Y así pasa en cada vida. Necesitamos prepararnos para salir adelante en toda circunstancia. Aún las peores. En esta semana, mi hermano mayor compartía una imagen en su Facebook sobre los jóvenes parásitos que sólo estiran la mano. Recordamos los valores con que fuimos educados: trabajo, disciplina y sacrificio. Nuestros padres eran claros: no querían inútiles. Algo similar pasó con san José. Dice el P. Gabriel Rodríguez, misionero josefino, que así como en el monte el Padre dice de Jesús con orgullo: "¡Éste es mi hijo amado!", así en Nazaret, sobre un banco de trabajo, José coloca al niño al tiempo que dice fuerte: "¡Éste es mi hijo amado!". Me preguntaba Roberto O'farril en una entrevista para la televisión si yo creía que san José puso límites a Jesús, como se recomienda ahora a los papás que hagan con sus hijos. Por supuesto, le respondí.
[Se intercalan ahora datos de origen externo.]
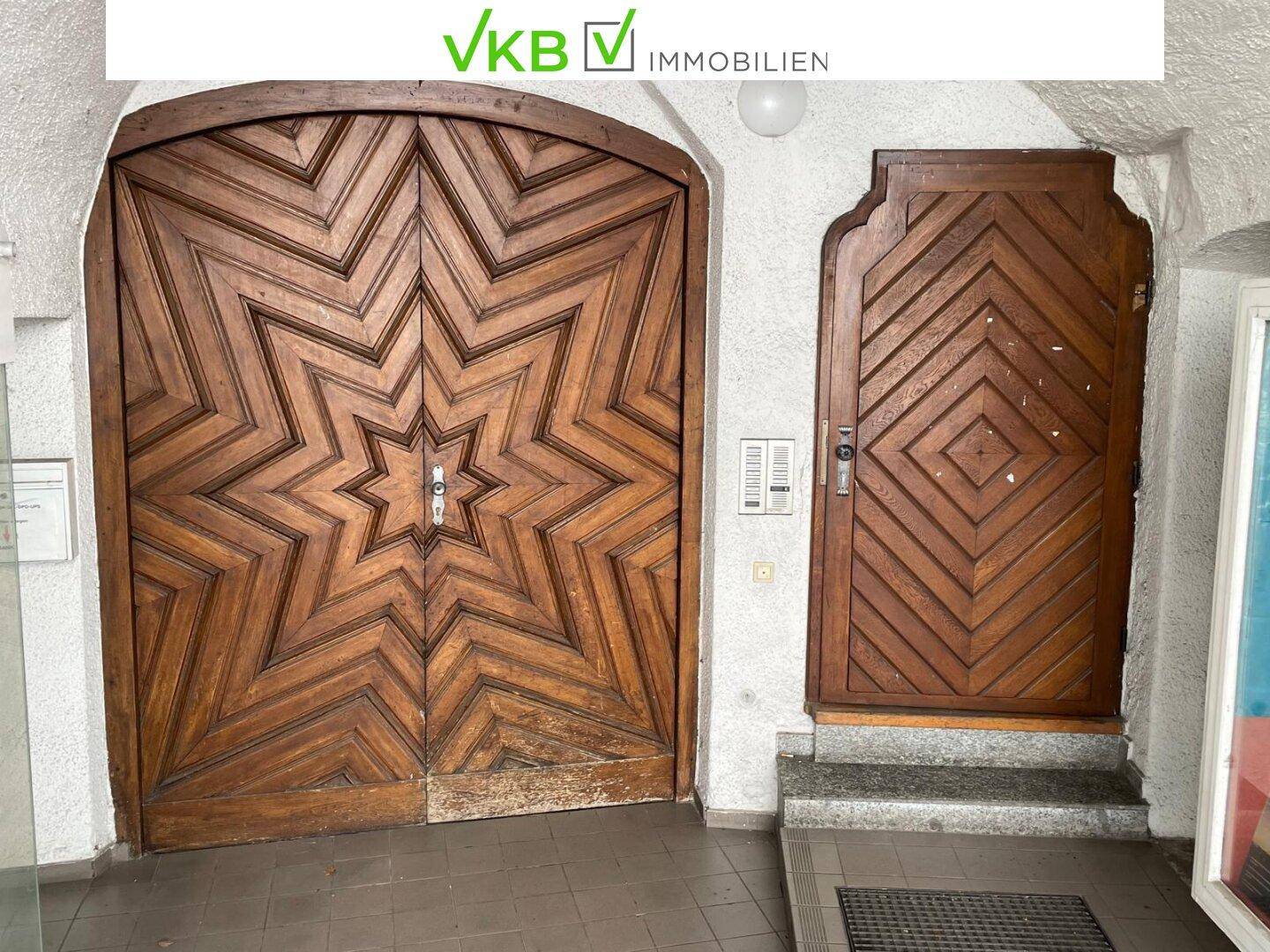 Historischer Eingangsbereich mit zwei kunstvoll geschnitzten Holztüren und Steinboden.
Jesús conocía los límites, por eso de adulto pudo transgredirlos con sus curaciones en sábado en la sinagoga, mostrando así que la libertad que él traía era mayor que la obtenida por Moisés para el pueblo. Seguramente la gente se preguntaría si la predicación y las acciones de Jesús estaban avaladas por Dios. El diálogo de Jesús con Moisés así lo manifiesta. La presencia del profeta Elías señala además que con el despliegue de misericordia como hace Jesús, se expresa el amor por Dios, el mismo amor intenso y apasionado que por Él sentía Elías.
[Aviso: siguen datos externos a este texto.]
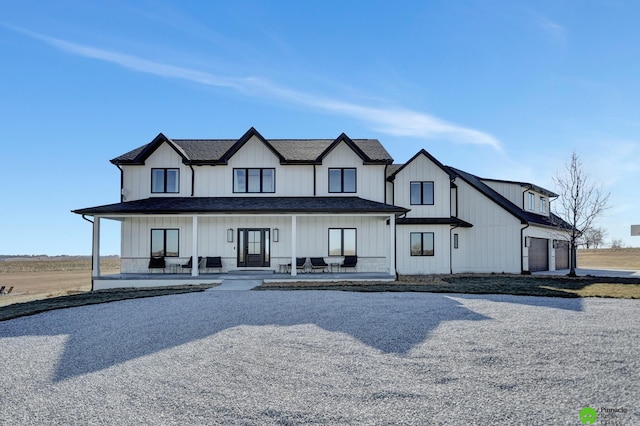 modern inspired farmhouse featuring a garage and covered porch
Ciertamente, lo más difícil estaba por venir. Los discípulos no estaban preparados. Jesús, sí. Me comenta O'farrill que seguro si san José no hubiera muerto antes de la pasión de Jesús, no lo matan en la cruz. Yo creo que la muerte de san José expresa el respeto profundo del Padre que sabe que ha llegado la hora en que el hijo debe disputar su propia lucha; y al Padre, como a José, también su padre, les toca ver desde tribuna, como el Sr. Miyagi a Daniel. Ellos han formado, han preparado, han comunicado un espíritu. Pero es al Hijo a quien toca enfrentar su hora. Por eso imagino que en la hora de la cruz, con el corazón igualmente destrozado por el dolor, pero con la misma mirada satisfecha ante el extremo del amor y de fidelidad mostrados por Jesús, a un tiempo, con las mismas palabras y la misma emoción en la voz, el Padre Celestial y san José dijeron: "¡Éste es mi hijo amado, en Él me complazco!" ¡Qué dicha si al final de nuestra vida, en eso que llamamos el juicio final, cuando nos presentemos ante el Señor, con las marcas de nuestras propias luchas, de nuestras resistencias y caídas, de nuestros esfuerzos por amar y ser fieles como Jesús, con todo, con el corazón humilde, por veredicto escuchemos las mismas palabras: "¡Éste es mi hijo amado, tu vida me complace!"